Meryl Streep is the most celebrated actress of our time. She's a chameleon who disappears fully into each character she plays. She never tackles the same role twice. Instead, she leverages her rarified platform to channel a range of tough, complicated women--Margaret Thatcher, Karen Silkwood, the Anna Wintour avatar Miranda Priestly--rather than limit herself to marginal roles for which other actresses must settle: Supportive Wife. Supportive Mother. Supportive Yet Utterly Disposable Love Interest to the Leading Man. Streep will have none of that.
The once-awkward, frizzy-haired suburban teen blossomed into a rising ingénue who quickly made a name on stage at Vassar College and the Yale School of Drama, where she pursued prestigious theater degrees. She came of age during the women's movement of the Sixties and Seventies, and has worn her activism on her sleeve even when it was unfashionable. When she reached 40, the age when many leading ladies in Hollywood fully transition to those "supportive" roles, Streep plunged forward, taking her pick of parts that interested her and winning a pile of awards along the way. She's broken records with 21 Oscar nominations, winning Best Actress twice for Sophie's Choice and The Iron Lady and Best Supporting Actress for Kramer vs. Kramer. Meanwhile, she remained an unlikely box-office draw, her clout even managing to grow with age: The Devil Wears Prada, starring Streep as a brilliant and sadistic magazine editrix, scored $125 million worldwide. Her next film, Mary Poppins Returns, with Emily Blunt and Lin Manuel Miranda, is poised for bigger success.

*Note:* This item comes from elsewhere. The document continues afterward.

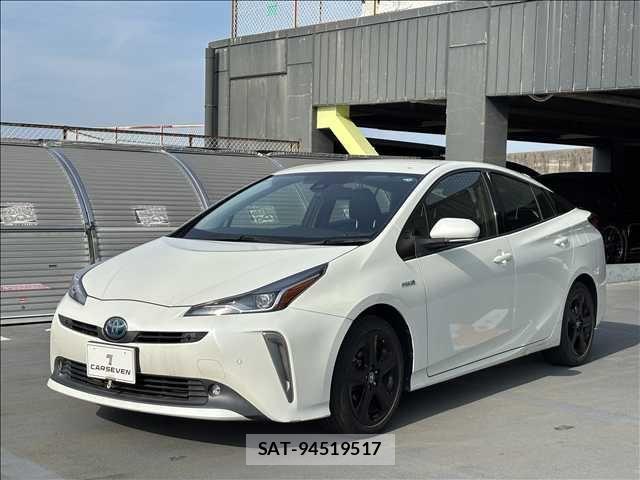Toyota PRIUS 2019-08 8526646-0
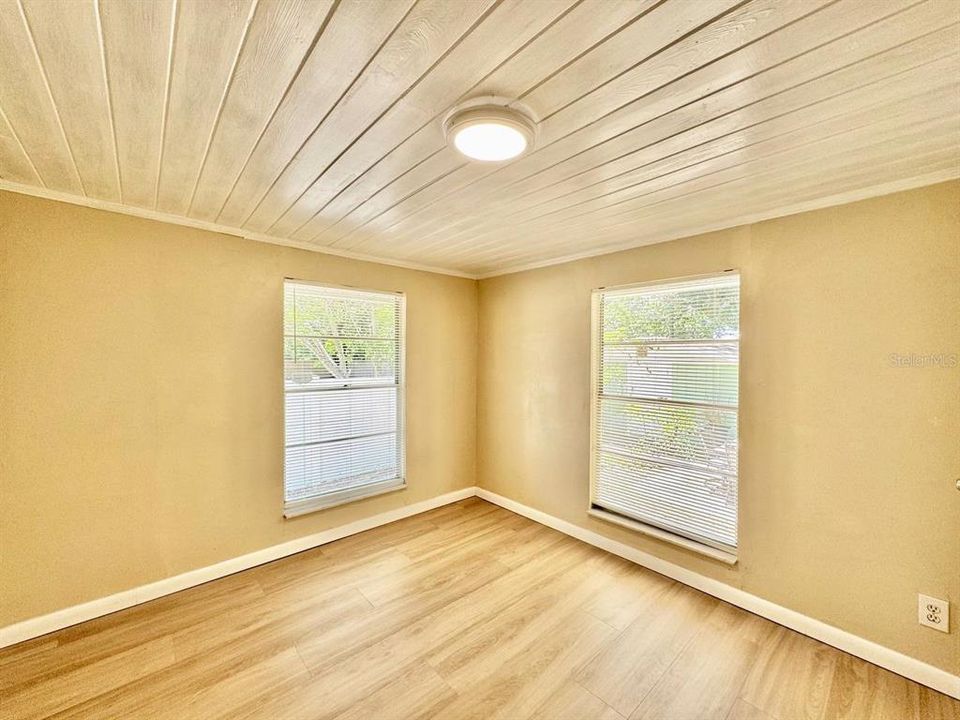 En Renta: $1,800 (3 camas, 1 baños, 1056 Pies cuadrados)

Queen Meryl will pay tribute to the fearless icon, documenting all of her accents, Oscars, highs, lows, friendships, and feuds. It will also explore her "off-brand" forays into action-adventure (The River Wild) and musicals (Mamma Mia!), and how she managed to do a lot with a little, and sneak her feminism into each character. In the spirit of Notorious RBG and The Tao of Bill Murray, two bestsellers as nontraditional as Ruth Bader Ginsburg and Bill Murray, Queen Merylwill transmit joy in homage to its allegedly serious subject.